What a *huge* disappointment. All the greasy spoon restaurants I went to (burgers, kebabs) were very ho-hum too.

Thursday, December 1, 2011

Uplifting sight.

Yesterday morning I was commuting into school and waiting to get the bus, and the bus came up all jam-packed with (black) passengers, and I got really really pissed thinking of how (white) people in other parts of the city didn't have to deal with chronically over-crowded busses like that.

As the people poured out of the bus, this (short) (mid-30s) (black) woman with an apple bottom waddles out with a big black hoodie with a picture of a large pink ribbon and the slogan -

SAVE THE TA-TAS

- and I just brightened up and realized that nothing could ever keep her down.

Wednesday, November 30, 2011

My verdict on San Francisco.

San Francisco is beautiful, with the hills and the water and everything, and all the great houses in the wealthy parts of town.

It's also amazingly compact, and reminds me of Manhattan-like pedestrian densities in a lot of town, which is unbelievable for a town with a 700,000 or so population.

But, I hated having to admire the rich, and felt weird going around and staring at all those houses and liking them, and thus indirectly having to gawk at their wealth and feed their egos.

Also, no-one seems to be able to live there anymore, which automatically reduces a city's coolness quotient by 300%.

Also also, in terms of patios, cool coffee shops, and delicious locally-sourced food, as well as cheap eats, Milwaukee is a much much superior city!

Tuesday, November 29, 2011

Insight (2 of 2): Tarot.

One of my other colleagues who I ran into heard that story, and so she told her story -

She grew up in West Virginia, and even though she looked like a punk with a shaved head and long mohawk and stuff, she was a good kid, but didn't know where she belonged, so she went to go see this regionally famous tarot card reader, a woman named Betty and lived in a trailer, and on Sat. nights like 12-15 cars would line up on the road outside her property, each waiting in turn to see her for their half-hour session (! - people waited a long time).

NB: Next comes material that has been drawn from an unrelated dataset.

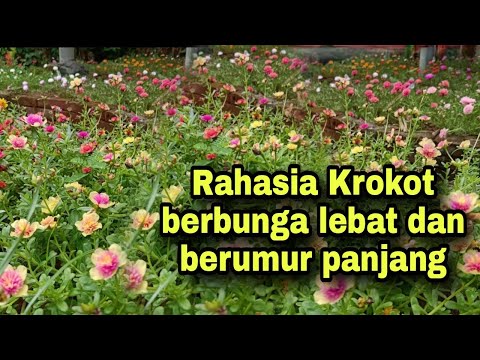 Video: Krokot Berbunga Besar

So, my colleague who had the punk haircut finally got in there, and she was terribly unimpressed by the reading. She doesn't remember too much, except that the woman assumed she had problems with her parents and drugs, and she didn't.

"And don't keep sleeping with those black boys," Betty told her, too.

Monday, November 28, 2011

Insight (1 of 2): My one Dutch friend's wife.

So, when I was at a recent conference, I got to catch up with a lot of people, including my one Dutch friend.

His wife, who is a pensive Israeli hippie who ended up in banking, has astounding insight, he says; she just kind of sits around being tense and not interacting much, but then she comes up with very accurate judgments.

For example, one of his colleagues is a psychologist and my one Dutch friend liked him because he was outgoing, funny, etc., but then when he and his wife went to the guy's house for a party, she didn't interact with him, but when they got home, she was like, "There's something wrong with him, he has done something evil to people."

So, they googled him and found out that he had been in trouble for getting with his therapy patients, oftentimes by withholding medications.

Another time, after she briefly met someone else, she was like, "He is not well," and only later did my one Dutch friend find out that that guy had serious health problems.

Sunday, November 27, 2011

Lost a student.

I think I lost my 2nd high school student.

He didn't want to study Latin, but has to take 4 years for his high school.

I admitted that could suck and that the poetry they were assigning was hard, but that he had a knack for converting forms as if it was a spoken language, and he just had to get on a twice-daily study schedule for endings and then maybe vocab.

He did that for a week and got results, but then quit and said he would never get an "A" no matter how hard he tried.

I tutored again but he just wouldn't get back on the study schedule, and the parents said they'd let me know if they needed my help again.

I guess the problem is that maybe I didn't encourage much, and that you can't motivate a person, they have to motivate themselves.